Problem → Your job is to set down the stretch of entries that opens with the line containing "T-Shirts Cobalt /" and closes with the line containing "Honey Bee Stamps". Keep both end lines, copy each exactly, and add nothing.
──────
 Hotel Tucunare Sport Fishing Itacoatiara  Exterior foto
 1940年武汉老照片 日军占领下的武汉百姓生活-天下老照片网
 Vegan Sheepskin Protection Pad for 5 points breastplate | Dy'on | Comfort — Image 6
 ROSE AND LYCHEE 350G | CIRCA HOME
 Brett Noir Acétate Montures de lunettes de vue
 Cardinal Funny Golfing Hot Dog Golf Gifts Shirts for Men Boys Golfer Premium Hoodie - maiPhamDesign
──────
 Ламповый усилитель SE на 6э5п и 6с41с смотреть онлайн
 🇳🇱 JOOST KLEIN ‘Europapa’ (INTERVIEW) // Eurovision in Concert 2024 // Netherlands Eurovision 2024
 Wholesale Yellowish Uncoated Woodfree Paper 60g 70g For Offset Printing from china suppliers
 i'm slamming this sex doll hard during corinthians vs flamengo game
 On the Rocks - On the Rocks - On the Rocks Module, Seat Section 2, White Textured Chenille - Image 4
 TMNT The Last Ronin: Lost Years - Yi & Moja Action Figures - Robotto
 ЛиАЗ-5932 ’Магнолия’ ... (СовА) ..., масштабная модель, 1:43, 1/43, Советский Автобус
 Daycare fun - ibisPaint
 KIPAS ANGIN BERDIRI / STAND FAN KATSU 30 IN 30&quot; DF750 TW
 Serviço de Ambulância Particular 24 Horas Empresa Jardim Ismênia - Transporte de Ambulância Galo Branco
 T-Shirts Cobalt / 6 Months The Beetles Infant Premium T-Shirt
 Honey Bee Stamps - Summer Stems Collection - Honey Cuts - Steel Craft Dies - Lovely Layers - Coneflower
──────
Response →
 T-Shirts Cobalt / 6 Months The Beetles Infant Premium T-Shirt
 Honey Bee Stamps - Summer Stems Collection - Honey Cuts - Steel Craft Dies - Lovely Layers - Coneflower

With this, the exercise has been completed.